◆ Work instructions: The listing below should be printed exactly, every line of it. Skip the pictures.

◆ Data segment:
·····
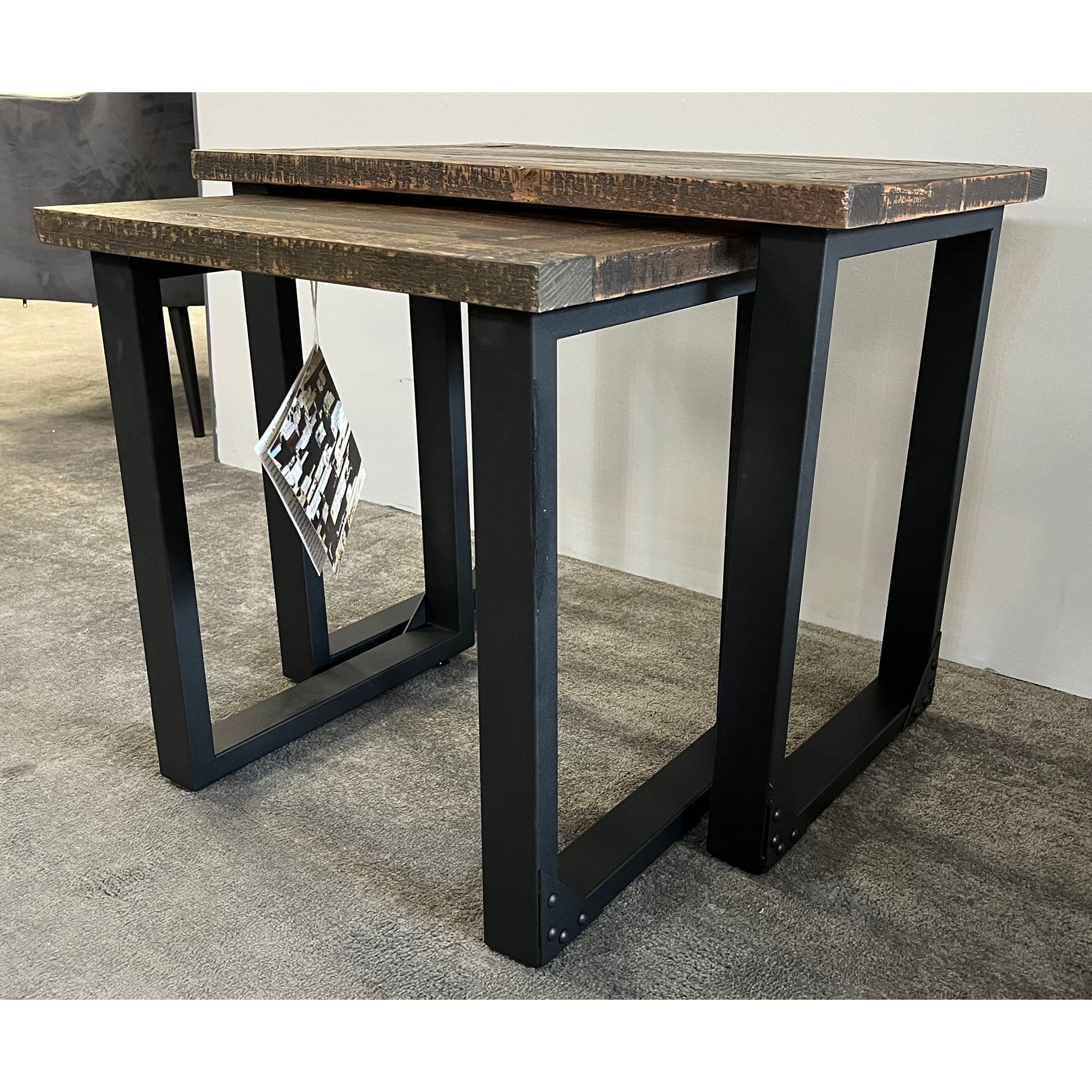 Bronx Reclaimed Oak Nest of Tables
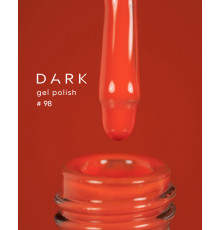 Гель-лак DARK №098, помаранчевий, 6 мл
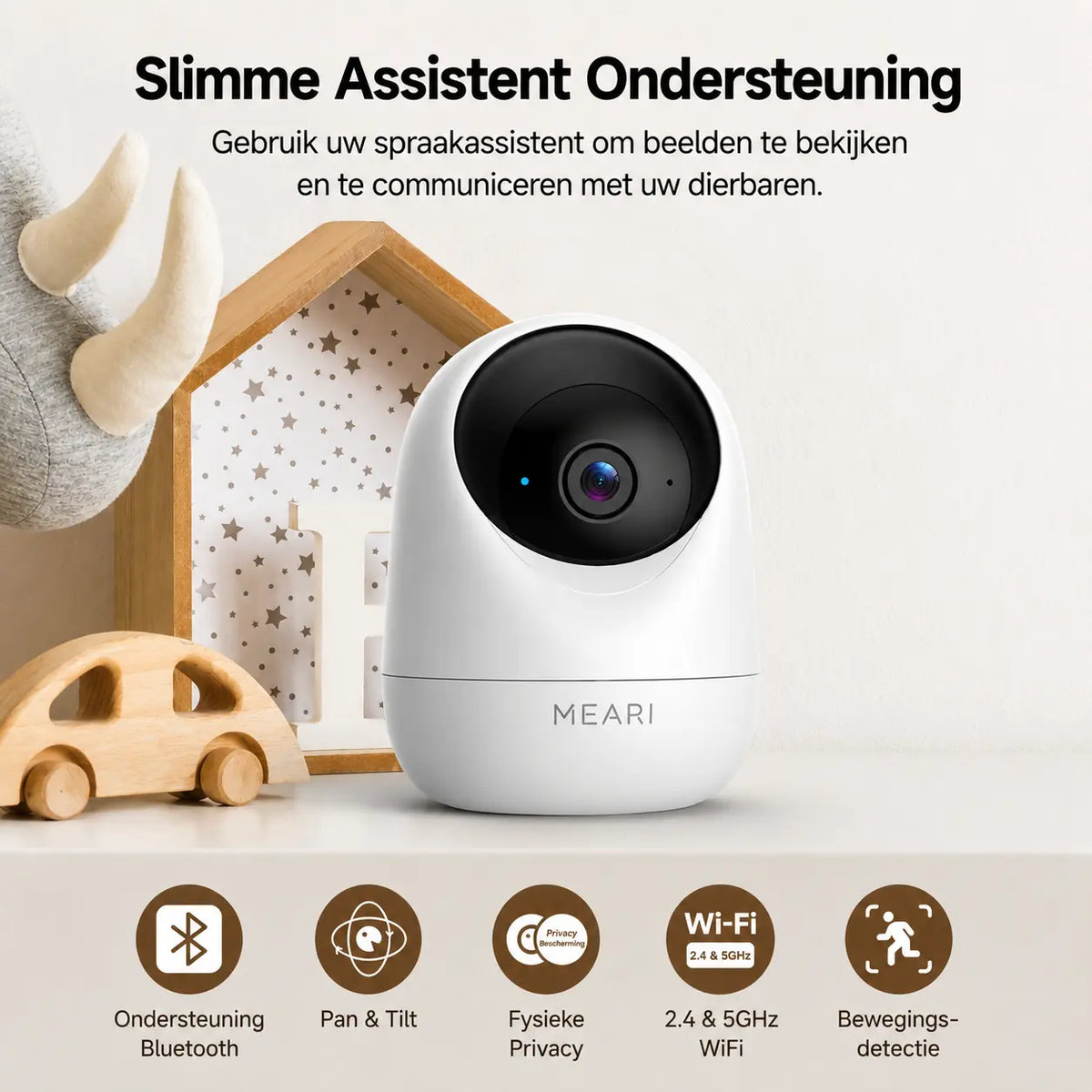 MEARI S1 Smart WiFi Camera 2K met Nachtzicht MEARI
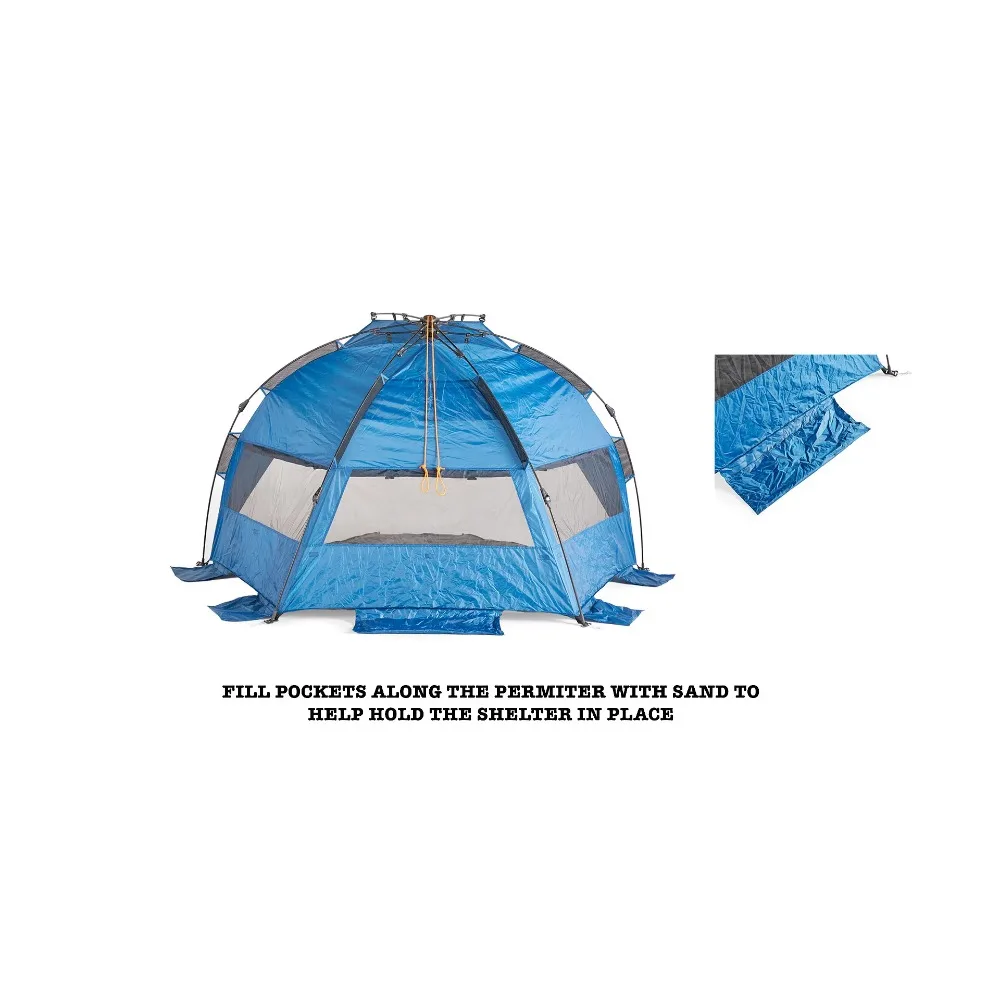 Instantánea 4 Persona Fácil De Configurar Sol Refugio - Azul Suministros Para Acampar Flete Gratis Caminata En La Naturaleza Camping Carpa De Viajes De Tiendas De Campaña Al Aire Libre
·····
◆ The answer:
 Bronx Reclaimed Oak Nest of Tables
 Гель-лак DARK №098, помаранчевий, 6 мл
 MEARI S1 Smart WiFi Camera 2K met Nachtzicht MEARI
 Instantánea 4 Persona Fácil De Configurar Sol Refugio - Azul Suministros Para Acampar Flete Gratis Caminata En La Naturaleza Camping Carpa De Viajes De Tiendas De Campaña Al Aire Libre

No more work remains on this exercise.